En efecto, tres o cuatro de aquellos desgraciados, cubiertos de barro y de sangre, huían por el camino encajonado y ganaban de nuevo la ciudad: era todo lo que quedaba de la tropilla.
Athos miró su reloj.
—Señores —dijo—, hace una hora que estamos aquí y ahora la partida está ganada; pero hay que ser buenos jugadores, y además D’Artagnan no nos ha dicho su idea.
Y el mosquetero, con su sangre fría habitual, fue a sentarse ante los restos del desayuno.
—¿Mi idea? —dijo D’Artagnan.
—Sí, decíais que teníais una idea —replicó Athos.
—¡Ah, ya recuerdo! —contestó D’Artagnan—. Yo paso a Inglaterra por segunda vez, voy en busca del señor de Buckingham y le advierto del compló tramado contra su vida.
—Vos no haréis eso, D’Artagnan —dijo fríamente Athos.
—¿Y por qué no? ¿No lo he hecho ya?
—Sí, pero en esa época no estábamos en guerra; en esa época, el señor de Buckingham era un aliado y no un enemigo: lo que queréis hacer sería tachado de traición.
D’Artagnan comprendió la fuerza de este razonamiento y se calló.
—Pues me parece —dijo Porthos— que también yo tengo una idea.
—¡Silencio para la idea de Porthos! —dijo Aramis.
—Yo le pido permiso al señor de Tréville, bajo algún pretexto que vos encontraréis: yo no soy fuerte en eso de los pretextos, Milady no me conoce, me acerco a ella sin que sospeche de mí y, cuando encuentre una ocasión, la estrangulo.
—¡Bueno —dijo Athos—, no estoy muy lejos de adoptar la idea de Porthos!
—¡Qué va! —dijo Aramis—. ¡Matar a una mujer! No, mirad, yo tengo la idea buena.
—¡Veamos vuestra idea, Aramis! —pidió Athos, que sentía mucha deferencia por el joven mosquetero.
—Hay que prevenir a la reina.
—¡A fe que sí! —exclamaron juntos Porthos y D’Artagnan—. Creo que estamos dando en el blanco.
—¿Prevenir a la reina? —dijo Athos—. ¿Y cómo? ¿Tenemos relaciones en la corte? ¿Podemos enviar a alguien a París sin que se sepa en el campamento? De aquí a París hay ciento cuarenta leguas: la carta no habrá llegado a Angers cuando estemos ya en el calabozo.
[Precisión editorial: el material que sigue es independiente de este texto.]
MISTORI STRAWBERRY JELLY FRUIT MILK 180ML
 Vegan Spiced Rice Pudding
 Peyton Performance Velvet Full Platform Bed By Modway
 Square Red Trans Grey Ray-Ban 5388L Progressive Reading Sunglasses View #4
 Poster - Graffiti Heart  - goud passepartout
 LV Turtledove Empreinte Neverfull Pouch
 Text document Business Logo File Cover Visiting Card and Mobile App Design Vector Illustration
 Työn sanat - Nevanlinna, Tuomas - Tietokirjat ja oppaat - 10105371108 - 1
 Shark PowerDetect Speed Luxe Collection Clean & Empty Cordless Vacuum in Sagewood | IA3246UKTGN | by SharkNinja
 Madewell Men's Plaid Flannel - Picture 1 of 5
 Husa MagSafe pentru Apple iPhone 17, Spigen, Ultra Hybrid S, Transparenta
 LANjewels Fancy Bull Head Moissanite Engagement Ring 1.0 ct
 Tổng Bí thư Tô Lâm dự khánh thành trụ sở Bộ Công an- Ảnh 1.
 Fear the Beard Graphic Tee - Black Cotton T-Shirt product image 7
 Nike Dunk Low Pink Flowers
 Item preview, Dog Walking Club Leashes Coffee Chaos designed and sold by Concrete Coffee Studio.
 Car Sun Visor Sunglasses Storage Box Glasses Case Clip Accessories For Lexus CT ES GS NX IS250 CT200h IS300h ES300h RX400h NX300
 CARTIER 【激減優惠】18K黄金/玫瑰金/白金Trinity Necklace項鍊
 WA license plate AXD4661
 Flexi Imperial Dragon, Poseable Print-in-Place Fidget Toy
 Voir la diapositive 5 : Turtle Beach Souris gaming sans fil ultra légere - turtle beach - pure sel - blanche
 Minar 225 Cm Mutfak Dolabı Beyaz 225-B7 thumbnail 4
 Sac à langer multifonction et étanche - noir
—En cuanto a enviar con seguridad una carta a Su Majestad —propuso Aramis ruborizándose—, yo me encargo de ello; conozco en Tours una persona hábil…
Aramis se detuvo viendo sonreír a Athos.
—¡Bueno! ¿No adoptáis ese medio, Athos? —dijo D’Artagnan.
—No lo rechazo del todo —dijo Athos—, pero sólo quiero hacer observar a Aramis que él no puede abandonar el campamento; que cualquier otro de nosotros no es seguro; que dos horas después de que el mensajero haya partido, todos los capuchinos, todos los alguaciles, todos los bonetes negros del cardenal sabrán vuestra carta de memoria, y que vos y vuestra hábil persona seréis detenidos.
—Sin contar —objetó Porthos— que la reina salvará al señor de Buckingham, pero que en modo alguno nos salvará a nosotros.
—Señores —dijo D’Artagnan—, lo que Porthos objeta está lleno de sentido.
—¡Ah, ah! ¿Qué pasa en la ciudad? —dijo Athos.
—Tocan a generala.
Los cuatro amigos escucharon, y el ruido del tambor llegó efectivamente hasta ellos.
—Vais a ver cómo nos mandan un regimiento entero —dijo Porthos.
—¿Por qué no? —dijo el mosquetero—. Me siento en vena, y resistiría ante un ejército con tal de que hubiera tenido la preocupación de coger una docena más de botellas.
—Palabra de honor que el tambor se acerca —dijo D’Artagnan.
—Dejadlo que se acerque —dijo Athos—, hay un cuarto de hora de camino de aquí a la ciudad, y por tanto de la ciudad aquí. Es más tiempo del que necesitamos para preparar nuestro plan; si nos vamos de aquí nunca encontraremos un lugar tan conveniente. Y mirad, precisamente, señores, acaba de ocurrírseme la idea buena.